Pendekatan teori S-O-R lebih mengutamakan cara-cara pemberian imbalan
yang efektif agar komponen konasi dapat diarahkan pada sasaran yang
dikehendaki. Sedangkan pemberian informasi penting untuk dapat berubahnya
komponen kognisi. Komponen kognisi itu merupakan dasar untuk memahami dan
mengambil keputusan agar dalam keputusan itu terjadi keseimbangan.
Keseimbangan inilah yang merupakan system dalam menentukan arah dan
tingkah laku seseorang. Dalam penentuan arah itu terbentuk pula motif yang
mendorong terjadinya tingkah laku tersebut. Dinamika tingkah laku disebabkan
pengaruh internal dan eksternal.
Dalam teori S-O-R, pengaruh eksternal ini yang dapat menjadi stimulus
dan memberikan rangsangan sehingga berubahnya sikap dan tingkah laku
seseorang. Untuk keberhasilan dalam mengubah sikap maka komunikator perlu
memberikan tambahan stimulus (penguatan) agar penerima berita mau mengubah
sikap. Hal ini dapat dilakukan dalam barbagai cara seperti dengan pemberian
imbalan atau hukuman. Dengan cara demikian ini penerima informasi akan
mempersepsikannya sebagai suatu arti yang bermanfaat bagi dirinya dan adanya
sanksi jika hak ini dilakukan atau tidak. Dengan sendirinya penguatan ini harus
dapat dimengerti, dan diterima sebagai hal yang mempunyai efek langsung
terhadap sikap. Untuk tercapainya ini perlu cara penyampaian yang efektif dan
efisien.
Jika kita amati dari sisi keterpengaruhan, maka secara pragmatis iklan
televisi mudah mempengaruhi kelompok remaja dibandingkan kelompok dewasa.

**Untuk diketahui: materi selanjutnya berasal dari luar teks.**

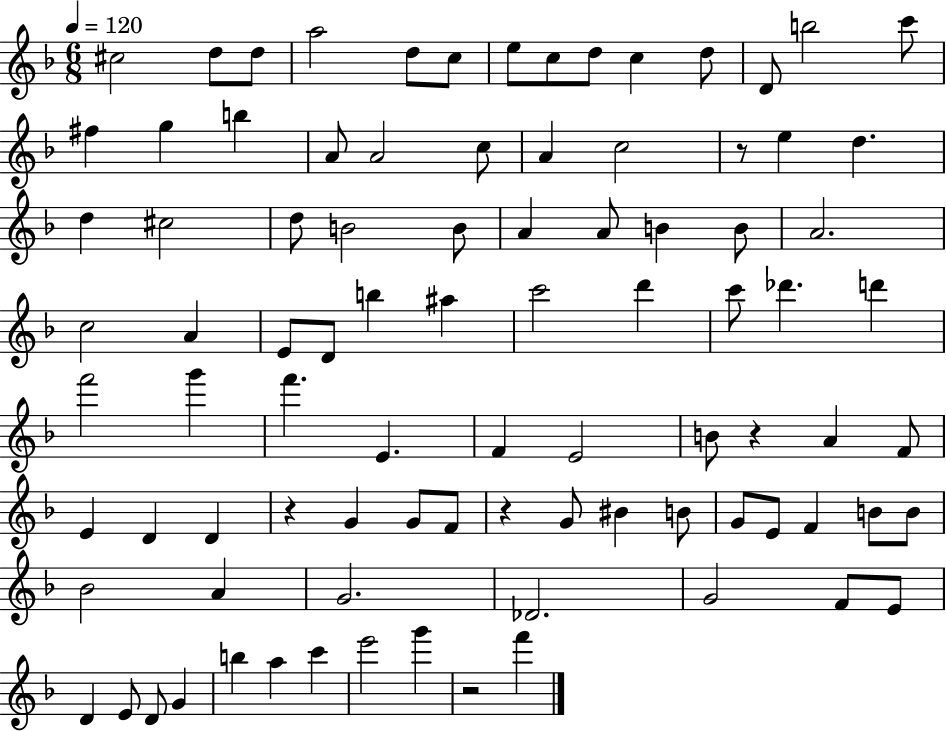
{
  \clef treble
  \numericTimeSignature
  \time 6/8
  \key f \major
  \tempo 4 = 120
  \repeat volta 2 { cis''2 d''8 d''8 | a''2 d''8 c''8 | e''8 c''8 d''8 c''4 d''8 | d'8 b''2 c'''8 | \break fis''4 g''4 b''4 | a'8 a'2 c''8 | a'4 c''2 | r8 e''4 d''4. | \break d''4 cis''2 | d''8 b'2 b'8 | a'4 a'8 b'4 b'8 | a'2. | \break c''2 a'4 | e'8 d'8 b''4 ais''4 | c'''2 d'''4 | c'''8 des'''4. d'''4 | \break f'''2 g'''4 | f'''4. e'4. | f'4 e'2 | b'8 r4 a'4 f'8 | \break e'4 d'4 d'4 | r4 g'4 g'8 f'8 | r4 g'8 bis'4 b'8 | g'8 e'8 f'4 b'8 b'8 | \break bes'2 a'4 | g'2. | des'2. | g'2 f'8 e'8 | \break d'4 e'8 d'8 g'4 | b''4 a''4 c'''4 | e'''2 g'''4 | r2 f'''4 | \break } \bar "|."
}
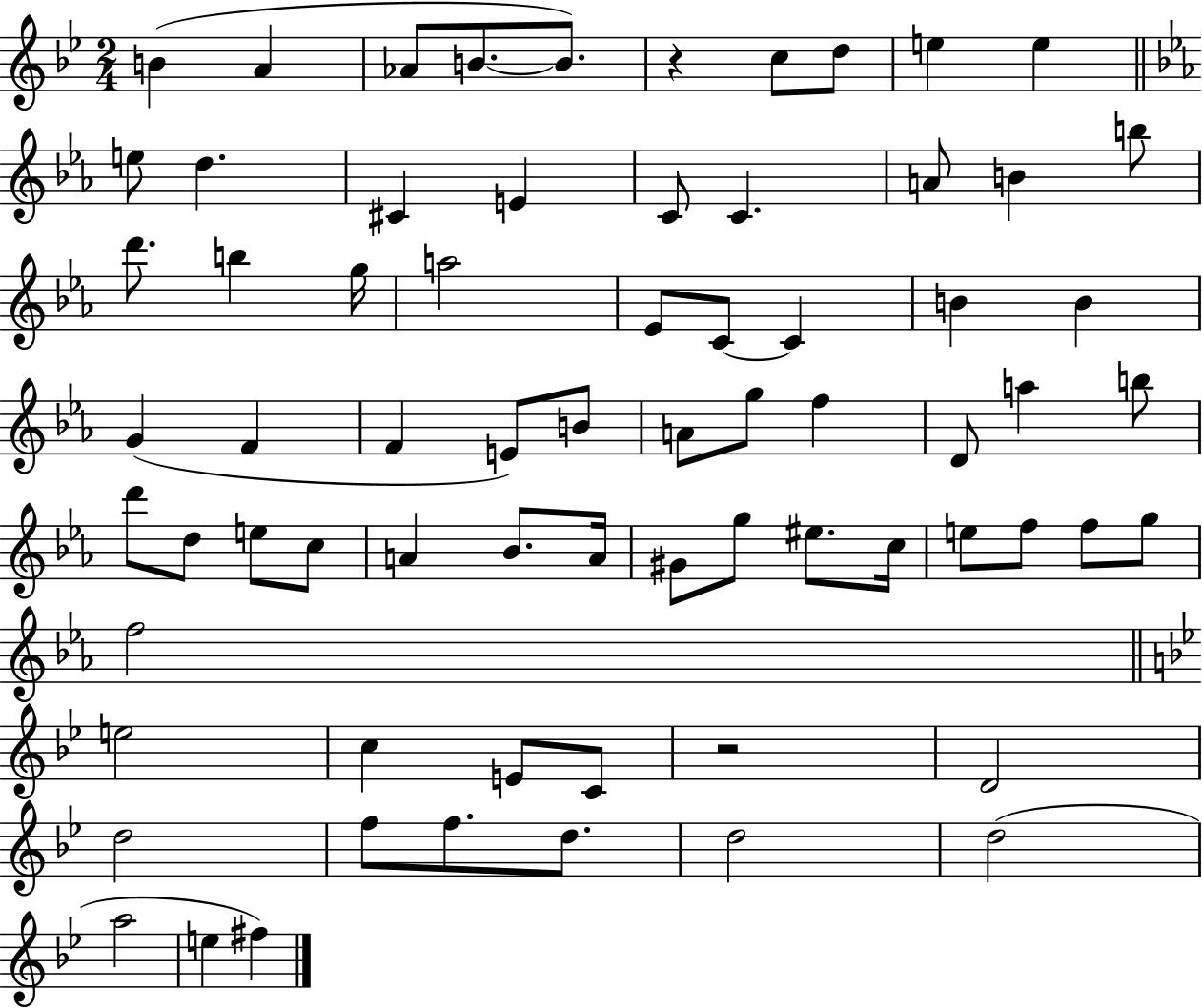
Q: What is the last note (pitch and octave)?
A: F#5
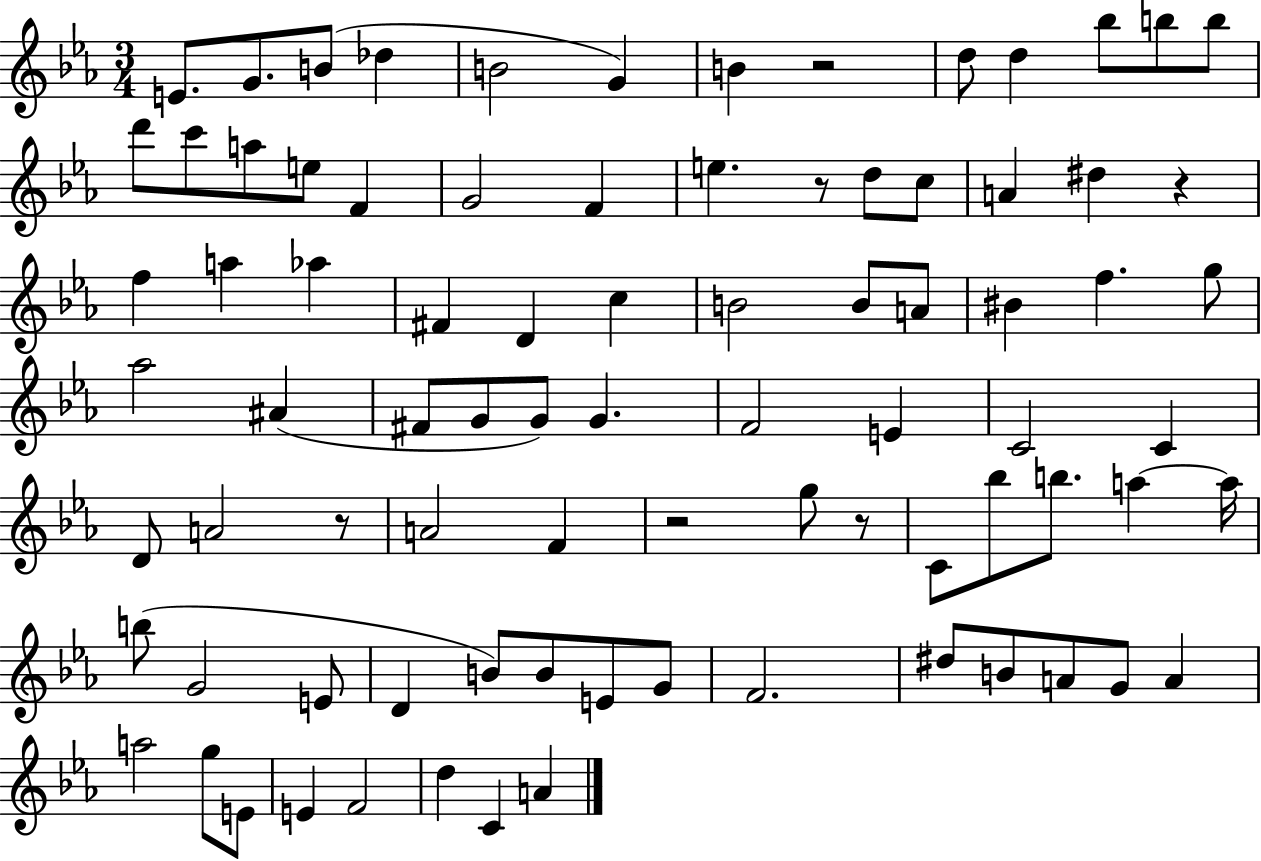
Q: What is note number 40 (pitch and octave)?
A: G4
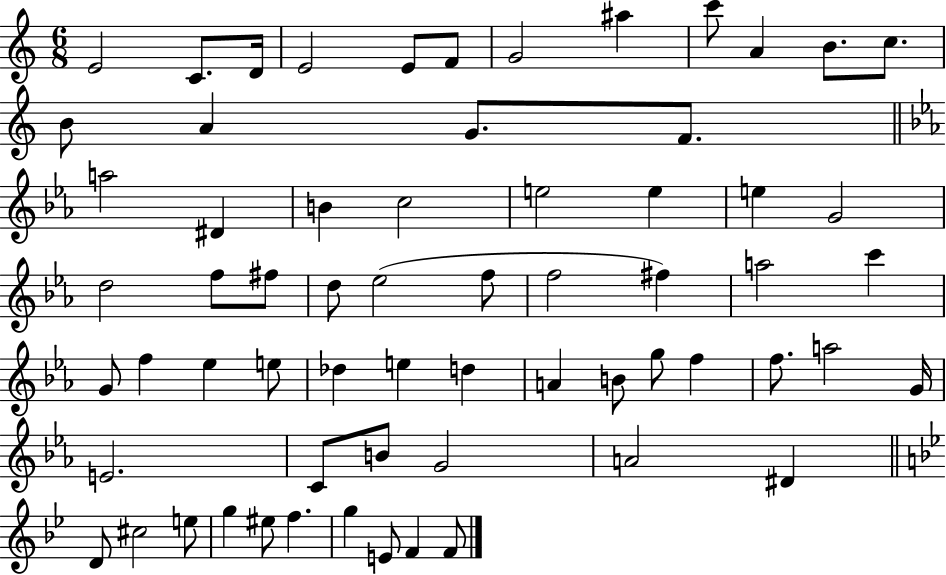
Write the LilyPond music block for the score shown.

{
  \clef treble
  \numericTimeSignature
  \time 6/8
  \key c \major
  e'2 c'8. d'16 | e'2 e'8 f'8 | g'2 ais''4 | c'''8 a'4 b'8. c''8. | \break b'8 a'4 g'8. f'8. | \bar "||" \break \key ees \major a''2 dis'4 | b'4 c''2 | e''2 e''4 | e''4 g'2 | \break d''2 f''8 fis''8 | d''8 ees''2( f''8 | f''2 fis''4) | a''2 c'''4 | \break g'8 f''4 ees''4 e''8 | des''4 e''4 d''4 | a'4 b'8 g''8 f''4 | f''8. a''2 g'16 | \break e'2. | c'8 b'8 g'2 | a'2 dis'4 | \bar "||" \break \key bes \major d'8 cis''2 e''8 | g''4 eis''8 f''4. | g''4 e'8 f'4 f'8 | \bar "|."
}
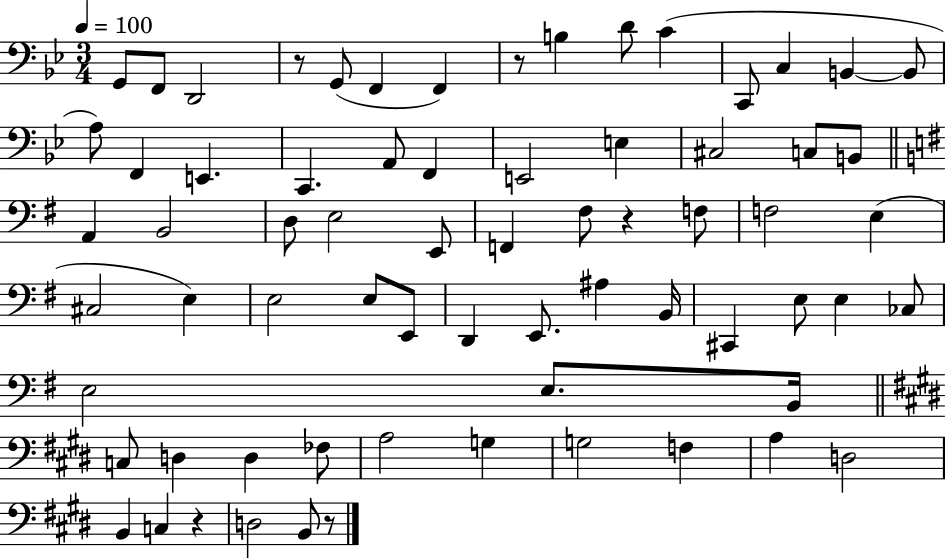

Artinya, jika teori S-O-R kita hubungkan dengan keberadaan remaja, maka
kekuatan rangsangan iklan televisi begitu kental dalam memantulkan respon yang
sebanding. Sistem seleksi yang semestinya melalui proses penyaringan yang ketat
terkalahkan oleh sifat mudah dipengaruhi. Akibatnya terjadi pergeseran
implementasi toritikal dari teori S-O-R menjadi teori S-R. Artinya, respon yang
ditimbulkan sebagai konsekuensi adanya stimulus iklan televisi yang diterima
remaja tanpa melalui filter organisme yang ketat.
Kontribusi Teori S-O-R begitu terlihat dalam iklan televisi. Dilihat dari
sudut pandang target sasaran, secara kondisional yang gampang dipersuasi adalah
remaja. Remaja. Remaja yang masih berada pada masa transisi memiliki tingkat
selekivitas yang lebih rendah di bandingkan dengan dengan orang dewasa.
Konsekuensinya, wajar jika remaja menjadi kelompok sasaran utama iklan
televisi. Akibatnya, tanpa disadari remaja telah memposisikan diri sebagai
kelompok hedonis dengan rating tinggi. Keinginan yang selalu menggebu-gebu
dalam memenuhi kebutuhan hidup adalah indikasi yang pas sekaligus
menggambarkan betapa remaja begitu sukar untuk menunda desakan kebutuhan
emosinya. Membeli dan mencoba seakan menjadi bagian hidup remaja yang
sejalan dengan mengkristalnya kognisi tentang aneka ragam kebutuhan yang
ditawarkan televisi melalui iklannya yang akomodatif dan fantastis.